Memories of my mother and father and family and dear friends and towns we lived in and churches we attended and people we met and favorite restaurants and coffee shops and antique stores and book shops and flea markets and the best place for a good cheeseburger.
Memories of books read together and films watched as a family and the shared vocabulary of people who live together for years upon years upon years. Those sentences said aloud which make us laugh and no one else knows what in the world we are talking about. The anniversary dates of good times and bad times and in between. Memories of Sasha and Storm that bring laughter and tears.

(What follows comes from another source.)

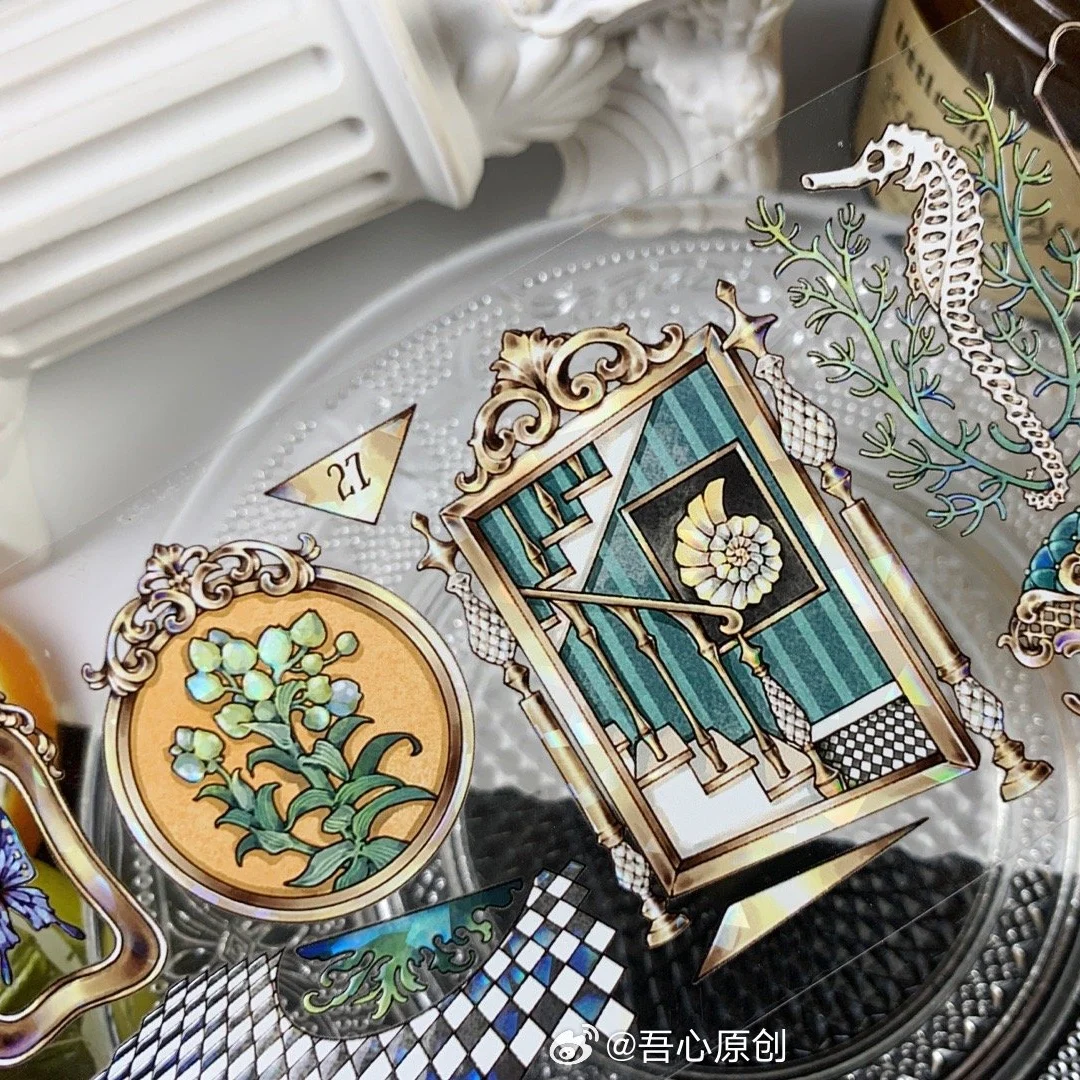 1 Loop Pet Washi Tape Sample Rimi Bookcase PET Shell Light, Mrs. Chili Drawing Quicksand-mahjong Badge Journal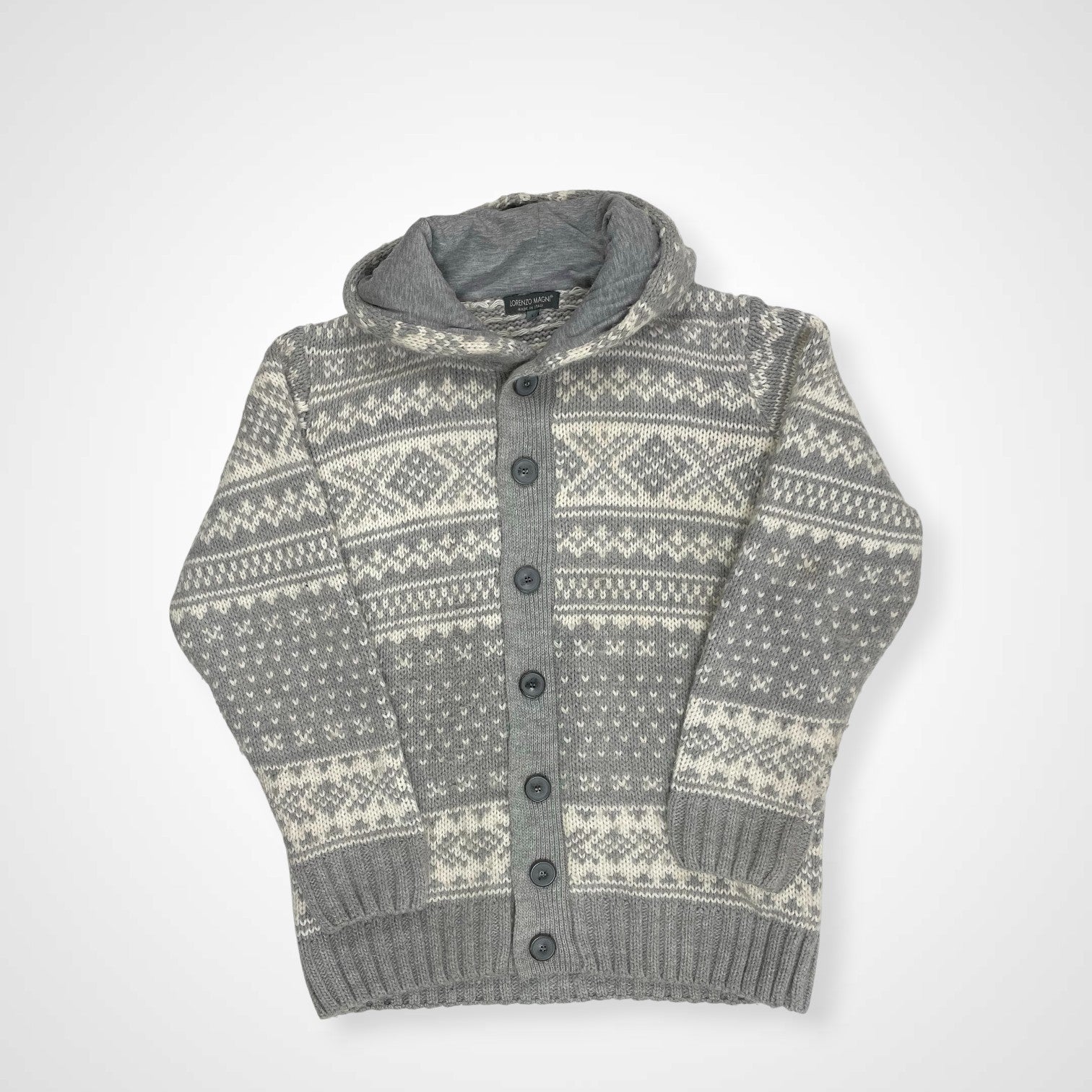 LORENZO MAGNI ロレンツォ マグニ / ノルディックニットパーカー イタリア製 参考定価：26,000程度 SIZE:L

Late night chats with my kids about life and God and faith and failure and everything in between. Good times... bad times... funny times... sad times... all centered around the One who Created. Memories to be recorded at times with words and others with pictures.
Are any of my memories perfect? Well... looking through the lens of time they tend to be but if I really, really stop to remember surrounding circumstances... there were very few perfect days (much less months or years). Some memories must be "let go" when they settle once more in my head... bringing forgiveness and alleviating pain.
There must be someone in the family who can make a party on a rainy day and a feast in the midst of famine. Someone who understands hot soup in cold weather, slices of cold watermelon in a heatwave, or that warm cookies with tea just about anytime warms the soul as well as body. Someone to snap a picture or write a letter or perhaps to keep a journal or create a scrapbook.
Someone to build the altar of remembrance, always leading those they love back to the One who loves them. Someone who understands how fleeting life can be and how quickly it passes and that we must slow down and really, really look... and provide memories... and to remember... as one generation passes to another. Always understanding there may never be a perfect day but we can make perfect memories.